“From us, for us”: The first Queer Science conference makes connections

Forty-three high school students and 13 members of the UConn community came together to celebrate science – and themselves – at the first Queer Science conference on Saturday, June 11, in Storrs.

The one-day volunteer event connected students with UConn faculty, staff, and students working in STEM disciplines to support Connecticut youth while offering cutting-edge laboratory experience and opportunities for hands-on science demonstrations.

“I wanted to show LGBTQIA + teenagers that there are people who are like them in all fields of science, technology, engineering and math, because we don’t get much representation in those fields,” said Anna Marie La Chans ’17. GCCI ’22 Ph.D., which organized the inaugural event with the support of the Vergnano Institute of Inclusion at the School of Engineering; the non-profit organization Out in Science, Technology, Engineering, and Mathematics, or oSTEM; and the UConn Rainbow Center.

LaChance modeled UConn’s Queer Science conference at the University of Minnesota, which she learned about at the 2019 oSTEM conference.

“I met Leslie Nope from this project, Dr. Julie Johnston, and she told me all about Queer Science, and I said to myself, UConn needs it – UConn absolutely needs it,” she said. “As soon as I came back from this conference, I started planning in my head, talking to Julie, literally DM on Twitter, and started working with the School of Engineering to achieve Queer Science at UConn.”

Group photo of those who attended the Queer Science conference. (Photo courtesy of Anna Marie LaChance)

LaChance began recruiting fellow volunteers from a variety of disciplines, but plans for the personal event were thwarted since the global pandemic began in March 2020. In 2021, after completing his doctorate in chemical engineering and then working with the Vergnano Institute, LaChance managed to return to the planning of the conference with a renewed focus on the development of an event that emphasizes both professionalism and networking.

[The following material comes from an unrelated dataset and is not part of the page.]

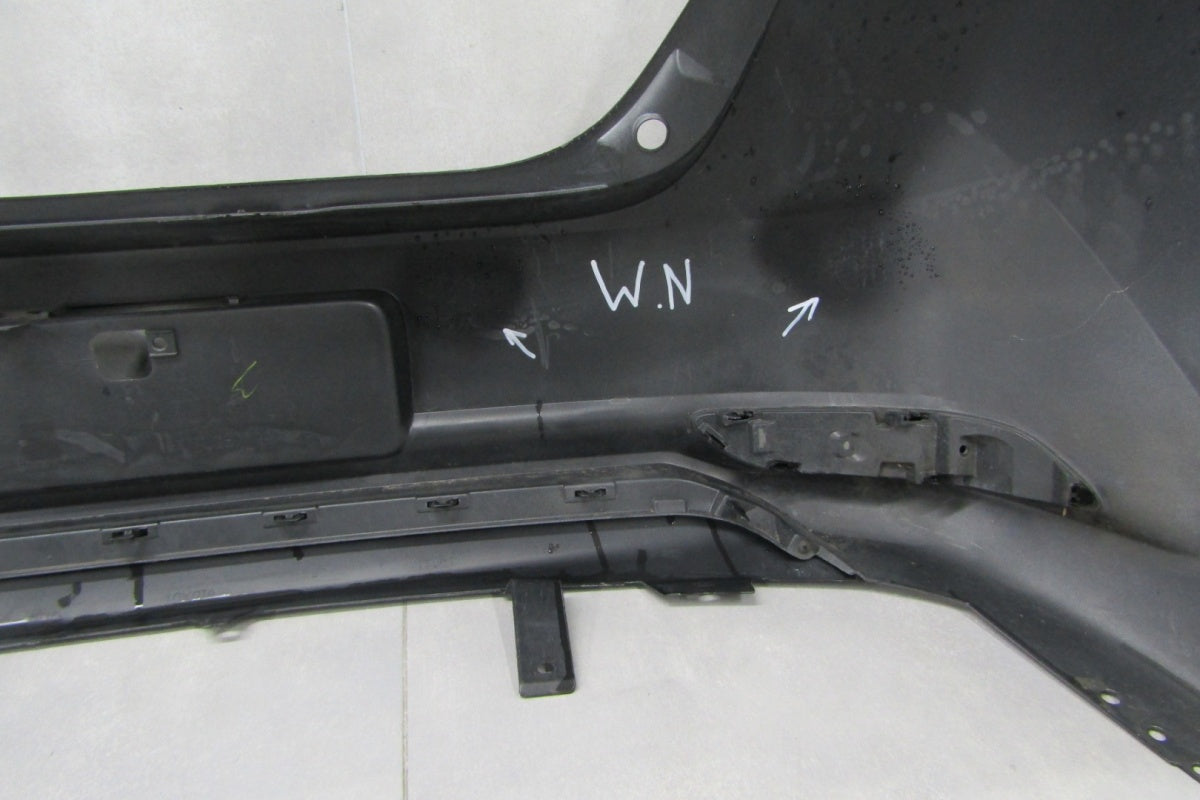 Zadnji branik Toyota Auris II 2 lift HB 15-18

“My number one priority was to make a version of Queer Science at UConn,” she said. “I wanted to highlight the people at STEM who themselves have an LGBTQ identity. I wanted it to be “from us to us” in some way, so that when students show up at the event, they are surrounded by people who are like them in terms of gender and sexuality. It was really important to me from the beginning, just weird people working on this event. “

Just in time for the month of pride, the event was completely free for participants who were high school students aged 14 to 18.

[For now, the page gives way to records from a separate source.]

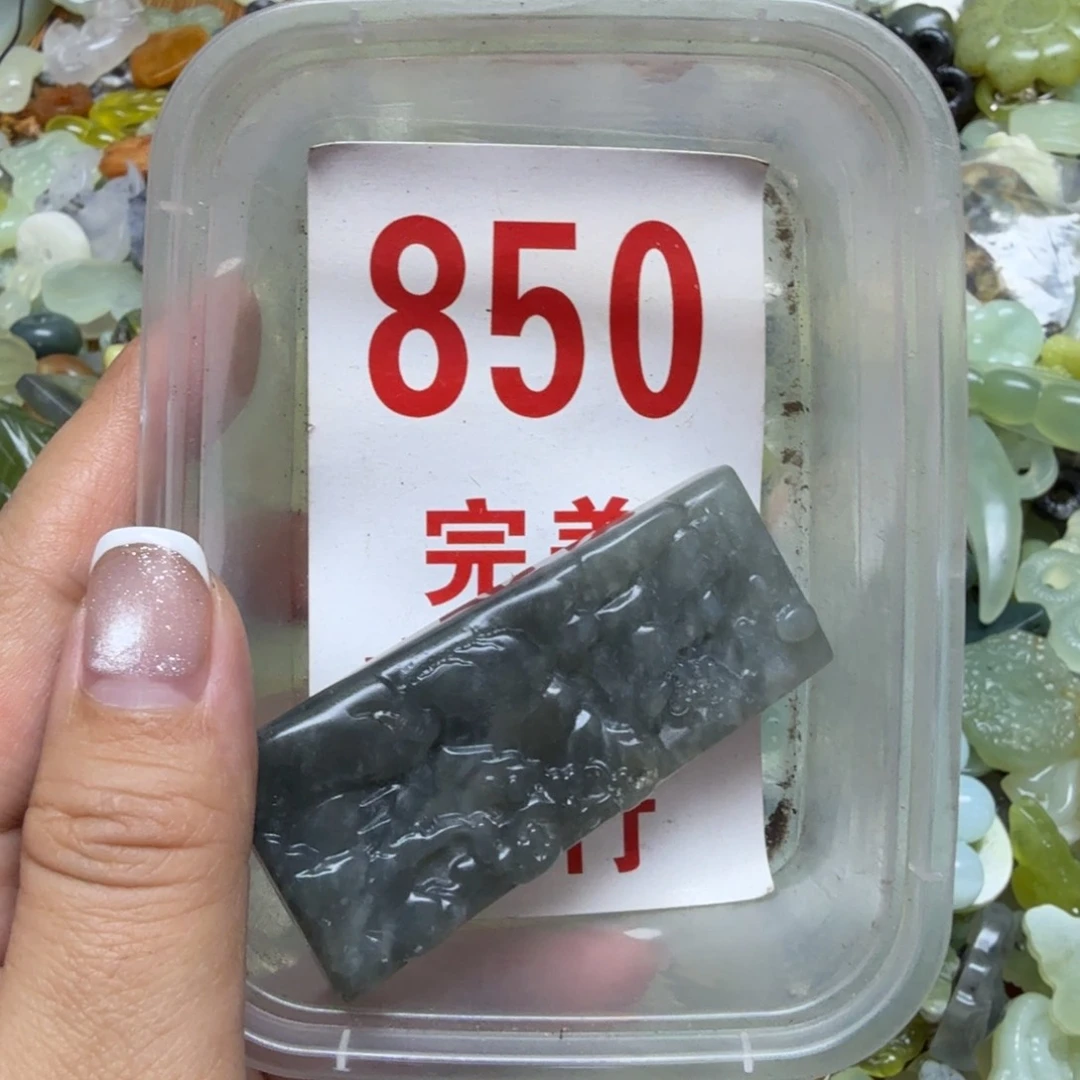 透闪石-蛇纹石玉吊坠未镶嵌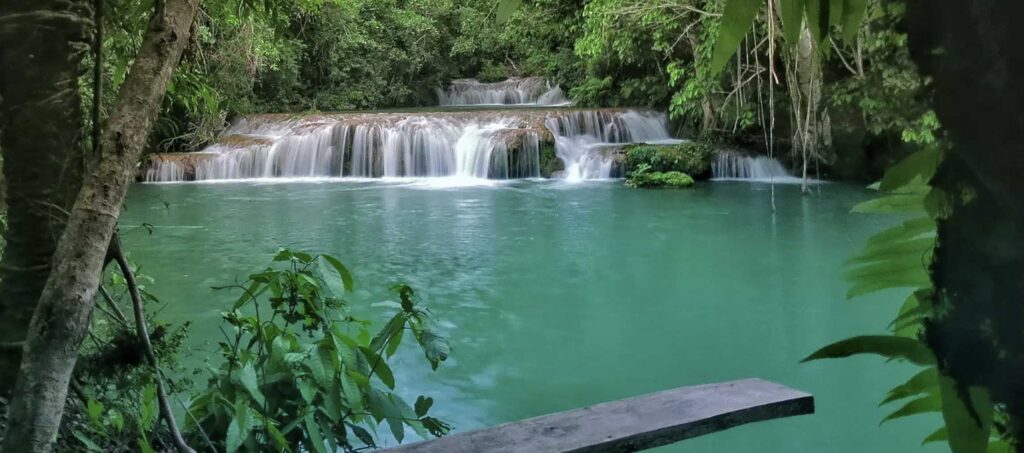 Cachoeira da Fazenda Ceita Corê em meio à natureza preservada de Bonito.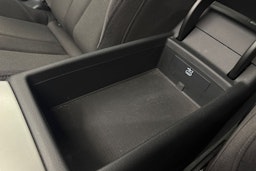 Valkoinen Audi A4 2020 kuva 36.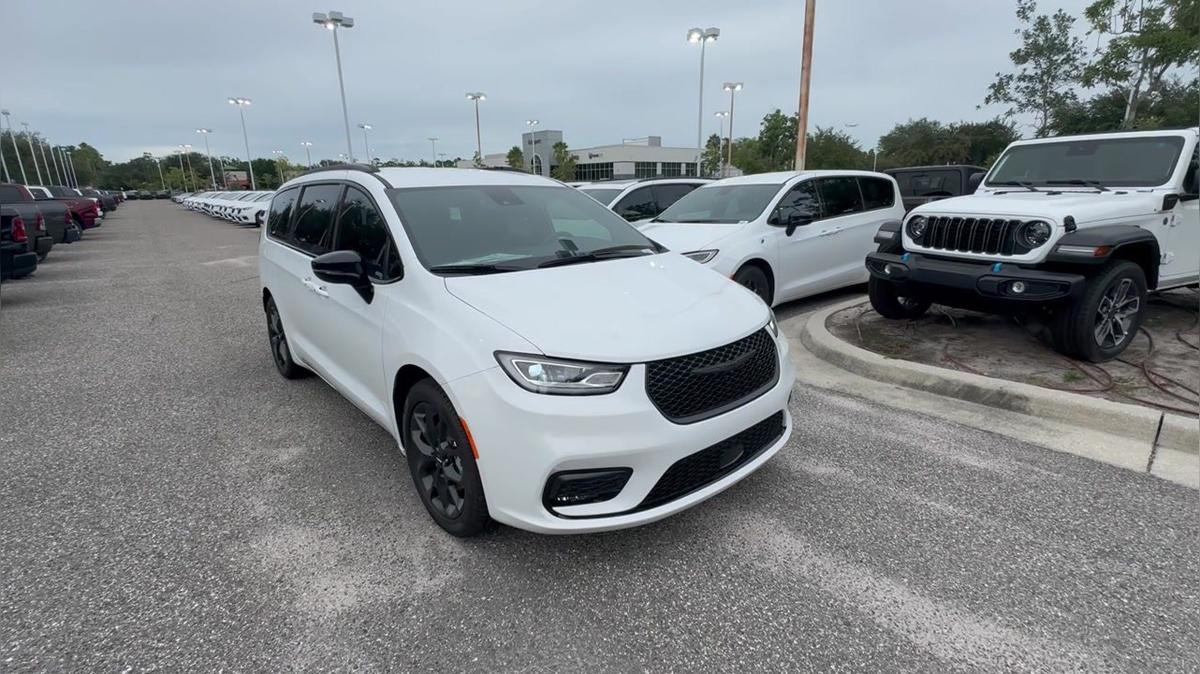 Wayne&#39;s  Pacifica - Nick B 315-749-3934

“We tried to structure it to do a few tours of different labs and other UConn resources in the morning,” explains LaShans, “and then, in the afternoon, sit down, do some science and get some hands-on experience.” with real science and tools used by real students and real teachers. “

During the day, students toured the UConn Rainbow Center; learn about plants and insects in the UConn Greenhouse of Ecology and Evolutionary Biology; and visited the world-class Laboratory for Microbial Analysis, Resources and Services (MARS).

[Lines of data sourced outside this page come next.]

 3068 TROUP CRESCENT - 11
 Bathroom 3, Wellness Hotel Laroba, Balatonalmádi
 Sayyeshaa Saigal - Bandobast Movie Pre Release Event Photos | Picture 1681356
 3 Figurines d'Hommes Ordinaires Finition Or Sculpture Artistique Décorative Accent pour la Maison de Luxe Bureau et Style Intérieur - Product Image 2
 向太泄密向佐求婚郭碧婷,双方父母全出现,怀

Group training for different oceanographic instruments
(Photo courtesy of Anna Marie LaChance)

They made mistakes with Abigail Hayes, a post-doctoral EEB researcher and entomologist. They learned about water density from PhD student and ecosystem toxicologist Anika Agraval (s) from the Department of Natural Resources and the Environment, using temperature and salinity to separate a water sample into the colors of the bisexual pride flag. They drew the history of LGBTQIA + on the core of a tree with master’s student Gillian Dyer (they) and learned how to analyze the gas composition of soil samples with research technician Nicolette Nelson (she).

“We have people from the biomedical engineering department, people from natural resources and the environment, and people from the psychological sciences,” says LaShans. “It all led to really great presentations. All the presenters, the volunteers themselves, talked not only about science, but also about their journey to the strange, their LGBT identity and how this folds into their STEM identity and affects the way they move in STEM fields.

The conference made a day full of connection, as well as emotion, both for the volunteers and for the participants, who praised the science and the inclusive environment created by the organizers.

“People came to me all day and said, ‘I’m crying because I got my first folder,'” LaShans said of a visit to the Rainbow Center, where students could pick up donated items from the closet sex approval center. “One student told me, ‘I’ve never been so open about my gender or sexuality in my life.’ And that was beautiful.”

With the help of the Vergnano Institute for Inclusion, LaChance has already secured funding for next year’s conference, which officially turns this year’s event into the first annual UConn Queer Science conference.

“It was a day of joy, of connection, of networking,” she says. “And everyone came out of the event with more friends, more community and more knowledge of STEM topics, including knowledge of why they should come to UConn.”